Standards and procedures followed at the Electronic Text Centre at the University of New Brunswick Libraries:

Help sheets for creating electronic texts 
    
These guidelines and help sheets are provided for, but are not limited to, anyone involved in a publishing project through the Electronic Text Centre at UNB Libraries.   

The Electronic Text Centre at the University of New Brunswick Libraries is committed to creating and publishing texts and images to international standards and accepted practices. The Centre currently Web publishes a variety of material including : university journals, government publications and reports, archives and special collections texts and images, commercial databases and The Telegraph Journal online archives.

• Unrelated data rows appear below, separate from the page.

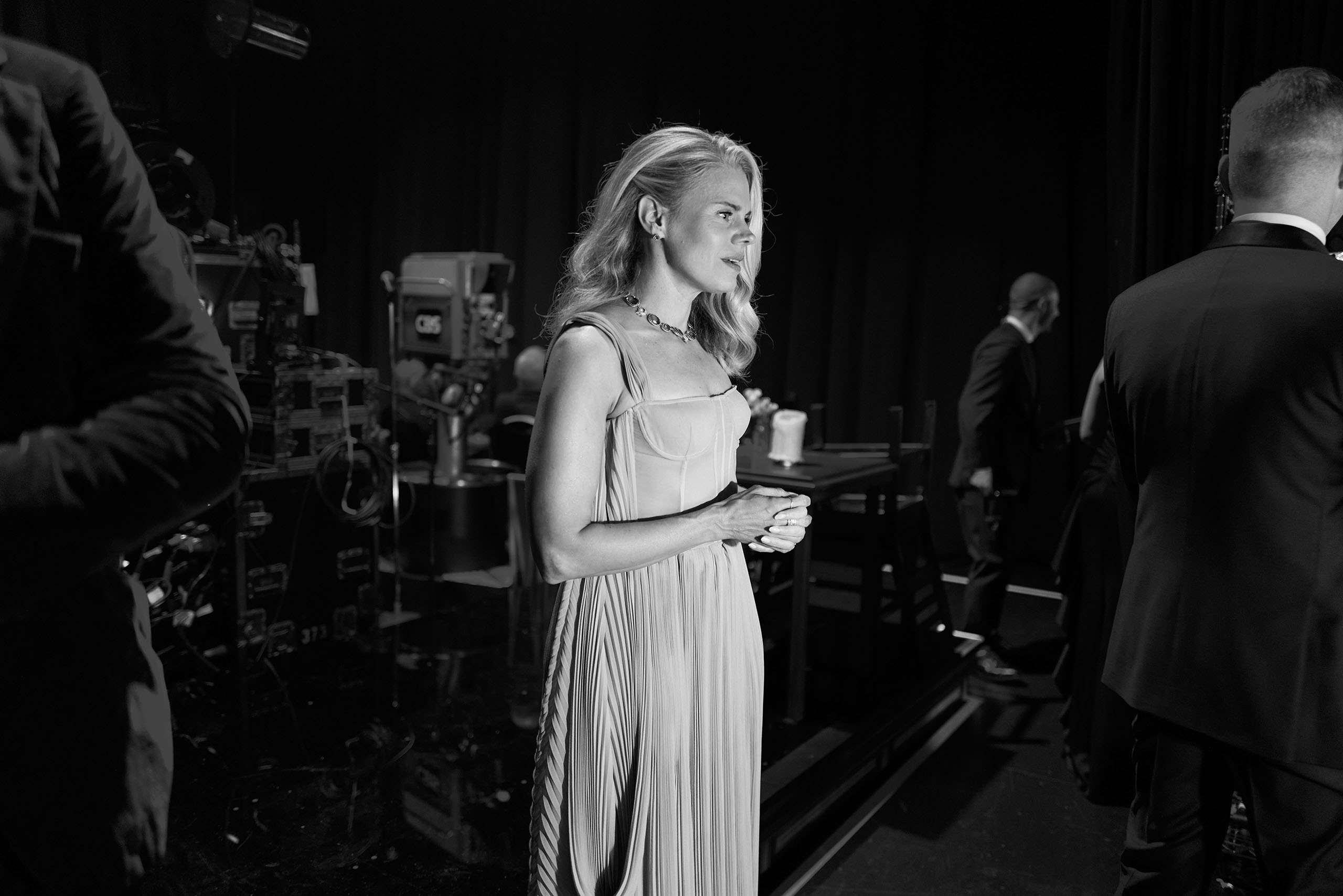 Celia Keenan-Bolger backstage at Radio City Music Hall 2025 Isabelle Stevenson Tony Award Photo Jenny Anderson Candid greyscale photo of Celia Keenan-Bolger standing in a formal gown in a backstage space.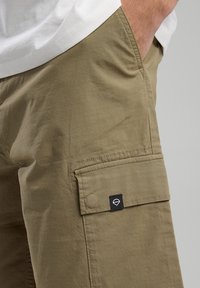 Olivi vihreät cargo-shortsit, jotka on valmistettu teksturoidusta kankaasta. Niissä on sivutasku mustalla tarralla, ommellut yksityiskohdat ja rento istuvuus.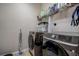 A modern laundry room with front loading machines and convenient storage solutions on the shelving at 20220 Autumn Fern Ave, Tampa, FL 33647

Part of the Centre's mandate is to provide electronic publishing support to the University of New Brunswick community. Staff at the UNB Libraries Electronic Text Centre  provide training workshops  for faculty, students and institutions involved with  publishing projects through the Centre. The Centre is located in room 518 on the fifth floor of the Harriet Irving Library and is open weekdays from 8:30 - 5:00. Phone 506.447.3309



Quick Links:

TEI-lite tutorial and guidelines

A list of TEI-lite tags

The full TEIP3 Guidelines

The TEI Header

The UNB TEI Header Template

A Gentle Introduction to SGML

Parsing


Text Encoding - Introduction  

At the UNB Electronic Text Centre electronic texts are encoded or marked up in compliance with the Text Encoding Initiative (TEI) markup scheme, an application of the Standard Generalized Markup Language (SGML).  

If you are familiar with an SGML application such as HTML  you understand some of the basics of text encoding. If you are unfamiliar with any markup scheme we suggest you first read an introductory level tutorial such as ArborText's SGML:Getting Started or the introduction to Soft Quad's SGML:Getting Started  

The next step is for you to get acquainted with the TEI  tagset . The TEI-lite tutorials at the TEI (Text Encoding Initiative) site as well as   A Practical Introduction To the TagSet (from the University of Virginia Electronic Text Centre) are both comprehensive sites for this purpose.  

A quick list of TEI-lite tags with guidelines for their usage is available online as is a searchable online copy of the full TEIP3 Guidelines , from the University of Virginia Electronic Text Cente.  



Transcription   

Perhaps the most important general principle to follow, particularly with transcriptions, is that everything in the source document gets transcribed as it is, including original and archaic spellings and other text features. There are appropriate tags to encode such information with.  

If you are transcribing an archival document you will most likely be working from a photocopy. Use the word processing application of your choice to type the text. Any words and markings you are unsure of can be circled on the photocopy (in pencil) and double checked with staff and local resources (ie. archival aids and indices). Your file will be assigned a unique name that will be the filename, the text id, and the id as recorded in the TEI Header.  

Bibliographic and typographic features (archival markings, running headers, letterhead seals or images, etc.) will be recorded in the TEI Header.  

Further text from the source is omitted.